• _DATA SHOWN_
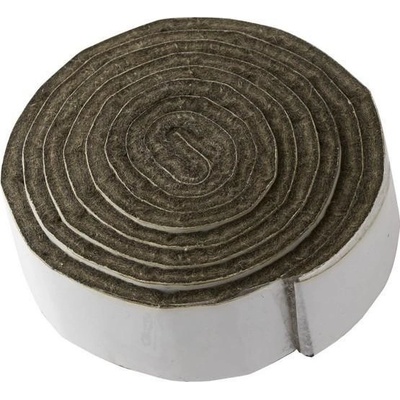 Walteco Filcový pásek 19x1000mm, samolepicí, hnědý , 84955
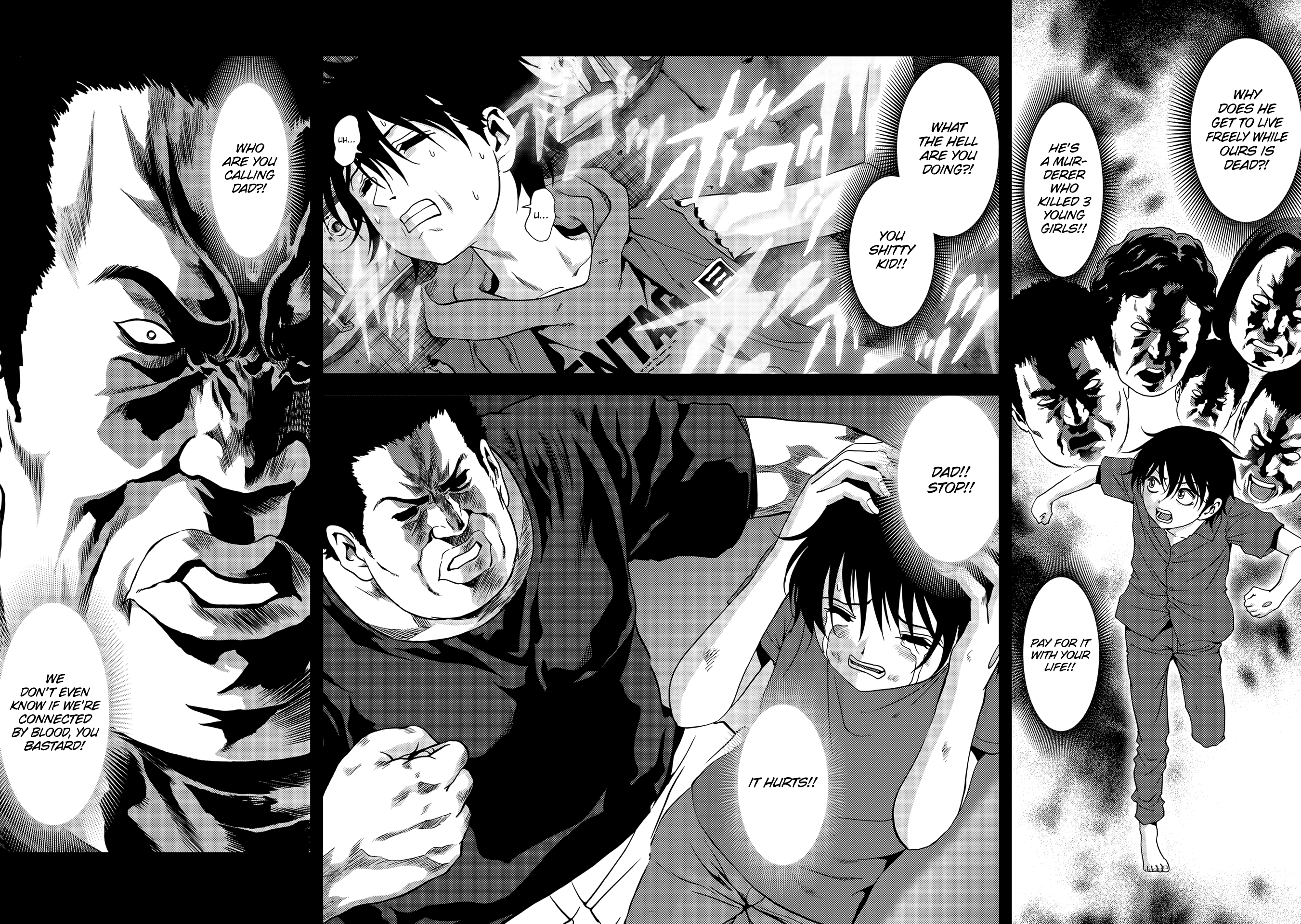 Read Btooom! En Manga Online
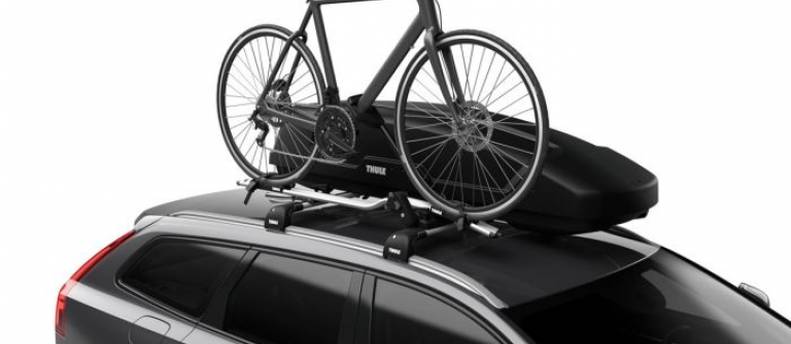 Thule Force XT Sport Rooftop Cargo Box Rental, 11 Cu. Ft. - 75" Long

• _EXERCISE REQUIREMENTS_
Retype the data above exactly, dropping every picture.

• _EXERCISE OUTPUT_
 Walteco Filcový pásek 19x1000mm, samolepicí, hnědý , 84955
 Read Btooom! En Manga Online
 Thule Force XT Sport Rooftop Cargo Box Rental, 11 Cu. Ft. - 75" Long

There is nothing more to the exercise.